A copper deficiency? What are you, a horseshoe crab?

But no, although a lot of things can be absorbed through your skin, your system is designed to process nutrients through your gut. Just getting a metal into your bloodsteam through absorbtion not mean that it is in a compound that is usable by your cells.

:mad:
And this is is why it infuriates me when Mac Bolan fill GQ threads with ignorant shit.

Had you read my first post, and had he not filled the thread with erroneous crap, you would see that you can use your copper bracelet, but it’s not recommended.

Copper is one of the many nutrients that it has been incontrovertibly proven that we can absorb through our skin. Elemental copper is not the best way to do that, various copper salts work far better for absorbing through the skin, and oral copper works even better.

But you will absorb some copper through your skin from wearing a bracelet. You might need to wear the bracelet for about a decade to cure a copper deficiency, but it will eventually work.

Copper is an essential micronutrient for humans, and deficiency isn’t unheard of.

Which is a very good point. Even if you are absorbing your daily intake of elemental copper through your skin, most of it probably isn’t biologically available.

… it was a joke, son. I almost said Vulcan, but I am feeling more pedantic than geeky this morning.

I am built too close to the ground. The fast ones keep going over my head.

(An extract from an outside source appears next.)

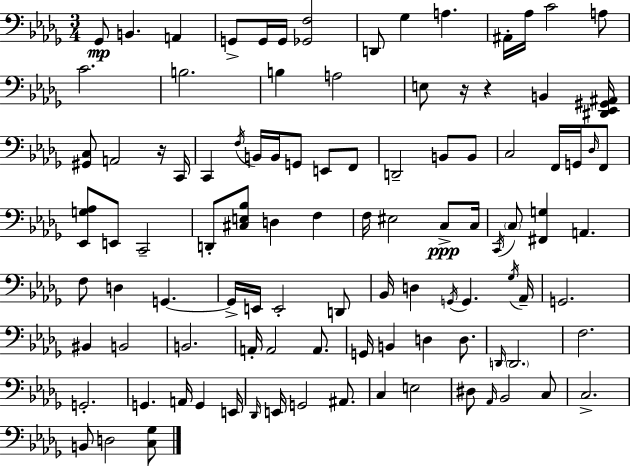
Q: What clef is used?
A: bass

I’m curious, which nutrients? And are we talking mucous membranes or general body skin? (Sources are always good of course)

Don’t ask me for a complete list, but several vitamins including C, B and A, most of the metals including copper, zinc, iron and molybdenum and lipids. If you allow the use of solvents like DMSO ( a cheat) then you can absorb all sorts of things, including some amino acids.

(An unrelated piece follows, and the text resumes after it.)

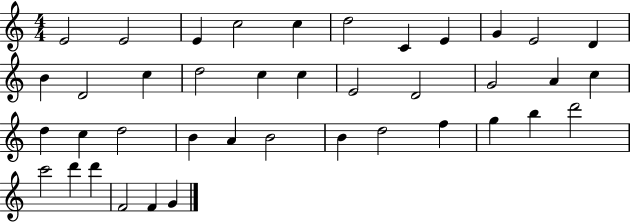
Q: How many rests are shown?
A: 0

General skin. The soft skin under the upper arm is normally used.

Just put [“percutaneous absorption” “substance name”] into Google Shcolar. For example [“percutaneous absorption” “vitamin A”] gets you this.

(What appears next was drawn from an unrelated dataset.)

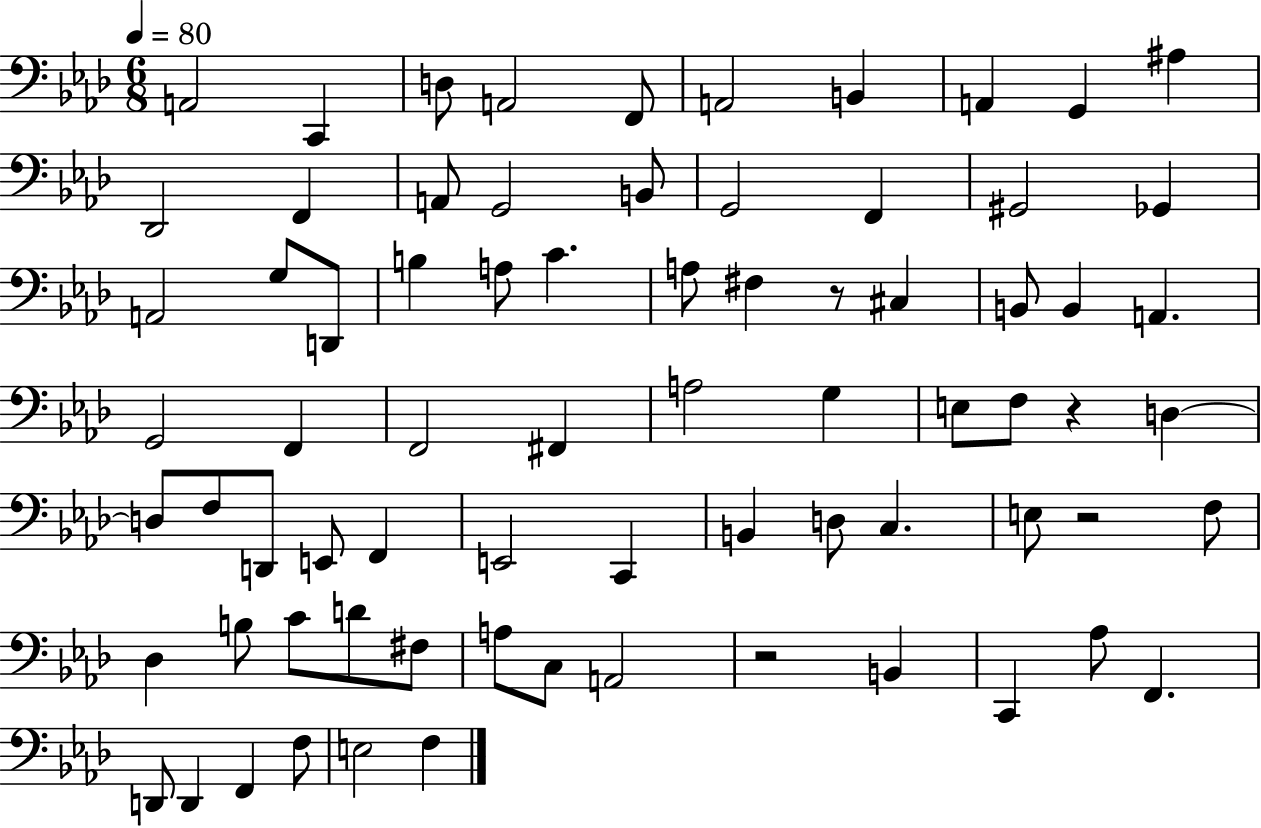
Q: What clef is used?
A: bass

Noe of this is particularly novel or controversial so there is no shortage of references. Most of the research these days is spent trying to find the best way of delivering stuff through the skin rather than arguing about whether it happens.

Well… I wouldn’t exactly say nutrients as Blake did. I mean, he’s technically right, but…

Sigh. OK, complication time. We have macronutrients (basically, food energy) and micronutrients (think vitamins). But there are other things we need in infinitestimal quantities: amounts you can hardly weigh. A human body has only very small amounts - like less than a gram. And there are other things we need in even smaller quantities.

Now, the skin is not a perfect barrier. There are some things we can absorb through it, which is not generaly considered a good thing. Some atoms can get through, and some other things can trick the chemical gates of the skin into opening. DMSO (Dimethyl Sulfoxide) is an example: it absorbs into the skin readily, even though there’s nothing in nature which particularly intended this effect. While it’s actually quite useful (as a mild, nontoxis anasthetic), it can also allow other things into the skin, which can be very bad.

So, in short, we’re not really intended to go around soaking up stuff through the skin. I can be done in some cases, but is not ideal, certainly. And it only applies to molecules small enough and the right “shape” to enter, sometimes with the help of a primer. I recall a sad accident where a researcher was fiddling with some kind of mercury compound while wearing latex gloves. Latex is usually a very neutral element, thin and flexible but which keeps stuff off the skin. Sadly, mercury is not water-soluble or carbon-based, which is what Latex gloves are for. The combination of the latex particles and the mercury compount opened her skin gates and it soaked right inside her hand. She didn’t make it, although she didn’t even know she was sick for some time*.

*Prompt medical attention might have been able to save her. By the time they realized what was killing her, it may have simply been too late. But then, IIRC they didn’t have an effective binder agent for that particular mercury compound anyway.